For the Birds: Turkeys are a North American Species

Sunday, November 21, 2021

Female wild turkey stock photo
By Christine Southwick
 
Wild Turkeys are native to North America and can be found wild in every state except Alaska (Hawaii even has some wild turkeys, brought by ships, but then Hawaii has Red Jungle Fowl (wild chickens), so I’m not really surprised.

Turkeys are related to grouse, pheasants, and chickens. 

Wild Turkeys can fly up to 55mph for short distances, and can run as fast as 25mph, so don’t try catching one in the wild. 

They can see three times better than we can, and can see those orange hunting vests, since all birds can see color.

A group of related male Wild Turkeys will court females, but only one member of the group gets to mate. The female will usually have a clutch of 12 eggs.

Wild Turkeys eat acorns, seeds, insects, and even frogs and lizards.

Wild turkeys - stock photo

At sundown they roost in trees. When startled while on the ground the females usually fly away, while the males usually run. Males are bigger, about four feet long, females are about three feet long, and don’t have spurs on their legs, which males do, otherwise they look alike. Both genders have a snood (a dangly appendage on the face), a wattle (the red dangly bit under the chin) and the reddish color on the head is their skin, since they only have a few feathers there.

 If you really need to determine their gender, look at their poop: female poop is shaped like a letter j, while males produce spiral-shaped poop (I wonder who funded that study…)

There are 5-6 species of Wild Turkey throughout North America.
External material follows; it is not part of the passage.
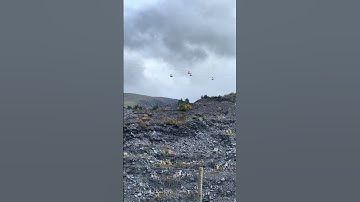 Flying humans on World’s fastest and UK’s Longest Zip Line #zipline #zipworld #fly #uk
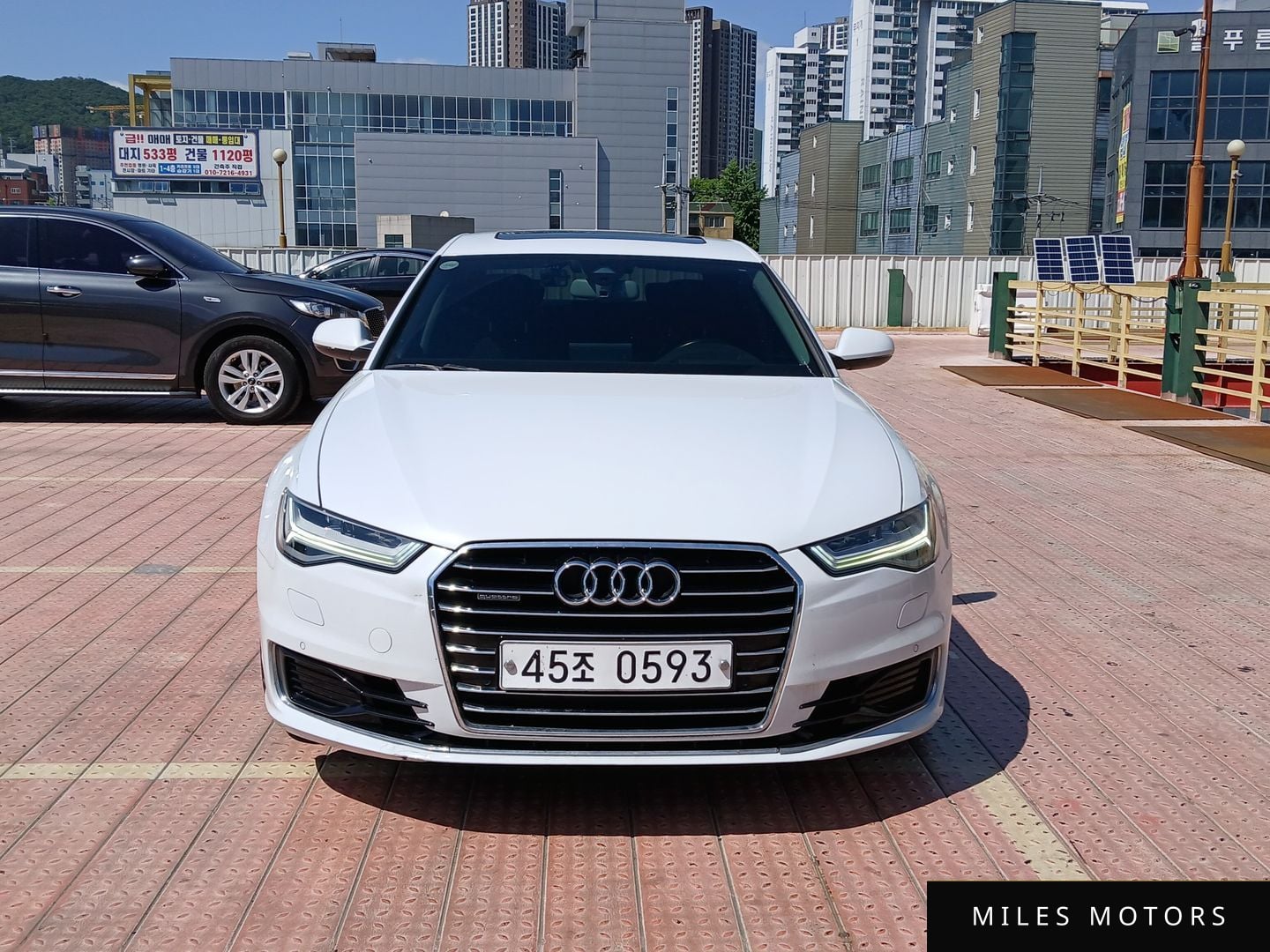 Audi A6 2016 — миниатюра 2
Washington State has three species which WDFW keeps stocked for hunting purposes. Wild Turkey hunting is second only to deer hunting throughout the US.

The Aztecs domesticated a species, which the Spanish brought back to Europe, and some of these turkey descendants came back with European settlers.  Wild Turkeys have 3,500 feathers, and if you ever had to pluck a Wild Turkey it is a real chore.

And no, Benjamin Franklin didn’t propose the turkey for the symbol of America. What he said was that the Turkey was a much more respectable bird (than the Bald Eagle), and a true original Native of America.